The Congressional Budget Justification Transparency Act, which Demand Progress supported and became law last year, is coming into its own. The law requires (1) the publication of all agency Congressional Justifications on USASpending.org within two weeks of their submission to a house of Congress; (2) CJ publication at a vanity URL on the agency website; and (3) online tracking of when the reports were due to be submitted and whether they were published online on time.

OMB just released an update to Circular A-11 that, for the first time, contains updated guidance in section 22.6(c) that will put the law into effect. This has been a long time coming, as OMB had resisted requests from appropriators to ensure that the reports are published online in a central location, intended to address both linkrot (when a URL goes dead) and that there was no central place to find all the reports. They’ll also have to have their data published in a structured format.

Here’s the language:

(c) Availability of congressional budget justifications
Consistent with the requirements in the Congressional Budget Justification Transparency Act (Public Law 117-40), agencies are reminded to make their full congressional budget justification materials, including their performance plan submission, available to the public and post the materials on the Internet at a vanity federal government URL. The vanity URL should contain “/CJ” following the public web address of the agency (e.g., agencyXYZ.gov/CJ). Materials should be posted at this address within two weeks after transmittal of those materials to the Congress. The release of these materials must be done in accordance with the requirements of this section and any relevant provisions of law. Materials will not be released if disclosure is prohibited by statute, the materials are classified or must be kept secret in the interest of national security or foreign policy, or the materials are otherwise exempt from release pursuant to 5 U.S.C.
552(b).

Agencies should develop machine-readable (CSV, XML, TSV, or JSON) file(s) for the budget summary table(s) that normally accompany the congressional budget justification, including footnotes (please see section 200.22 for a definition of machine-readable format). Please work with your OMB representative on timelines and plans for preparing this machine-readable information.

OMB will collect the following information from every agency that submits congressional justification materials:

• The date that congressional justification materials were first submitted to the Congress. Where agencies submit several different sets of materials (e.g., for various bureaus), this would be the date that the first set of materials was made available to the Congress either in print or electronically.

• The date that the congressional justification materials were first posted on a public-facing agency website. Where agencies post several different sets of materials, this would be the date that the first set of materials was first available to the public on the agency website.

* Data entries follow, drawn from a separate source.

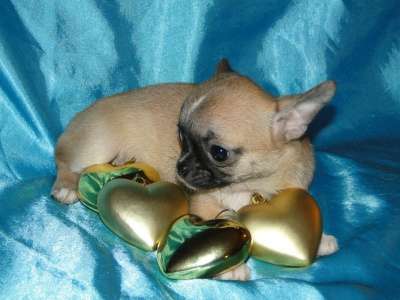 чишки-малыши и малышки в Санкт-Петербурге фото 4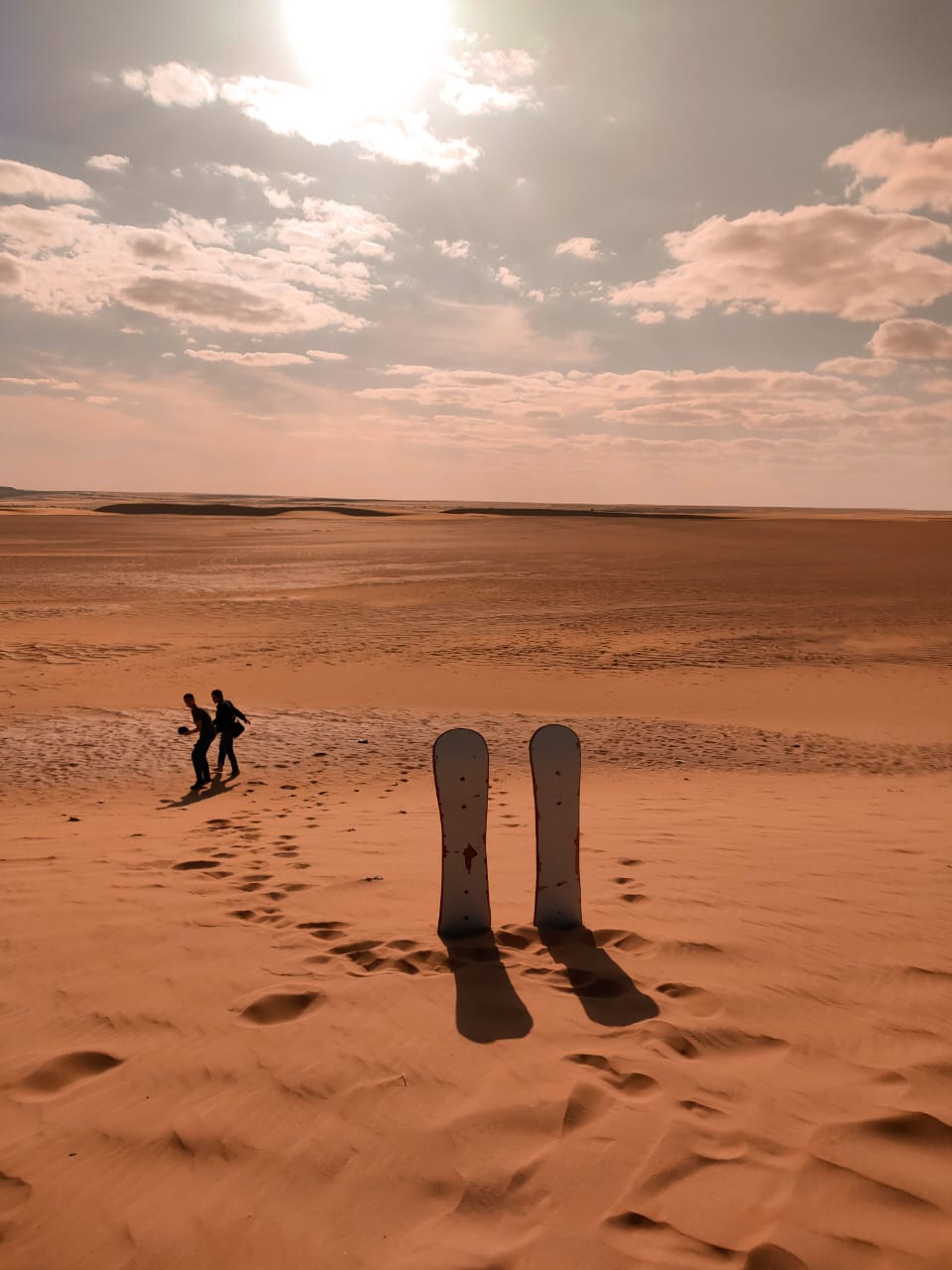 Fayoum Oasis Day Trip: Nature, History & Adventure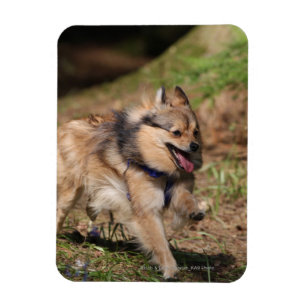 Íman Pomerânia Correndo com Harness ativada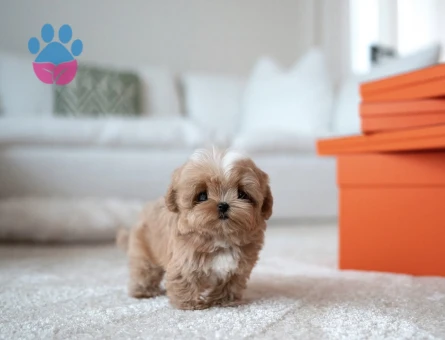Kore Poodle yıldız bebeklerimiz - 10313 - Görsel 4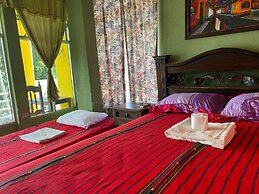 Hotel Pinocchio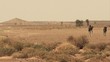 Chameau Desert Maroc Egypte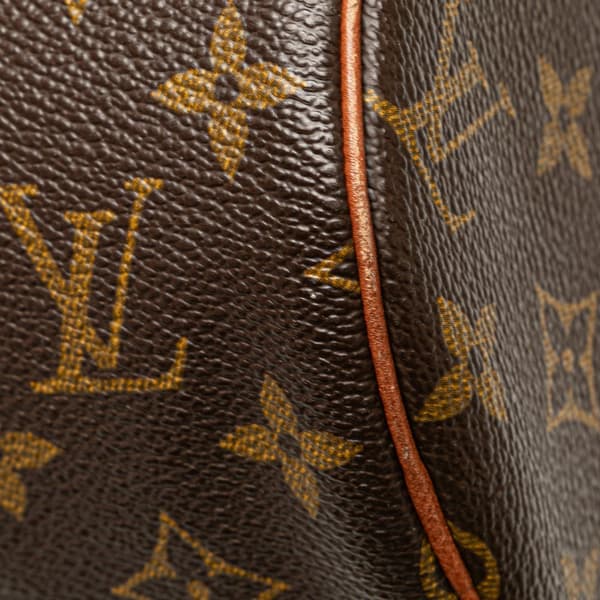 Pre-owned Louis Vuitton Monogram Papillon 30 Brown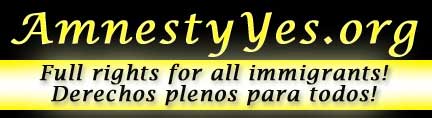Amnesty Now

• The web address (URL) which points to the current budget’s congressional justification materials. This web address can direct to a page that contains links to the congressional justification materials, or the web address can link directly to those materials. This web address should conform with the vanity URL requirements in this section. In cases where these requirements are not met, agencies should still provide a web address that points to congressional justification materials for the current budget.

Within one week after the release of the budget, OMB will provide a website for agencies to record the above data. Classified congressional justification materials should not be reported. In cases where OMB does not review an agency’s congressional justification materials, those agencies are still responsible for providing the above information.

A list containing the above information will be made available on USASpending.gov.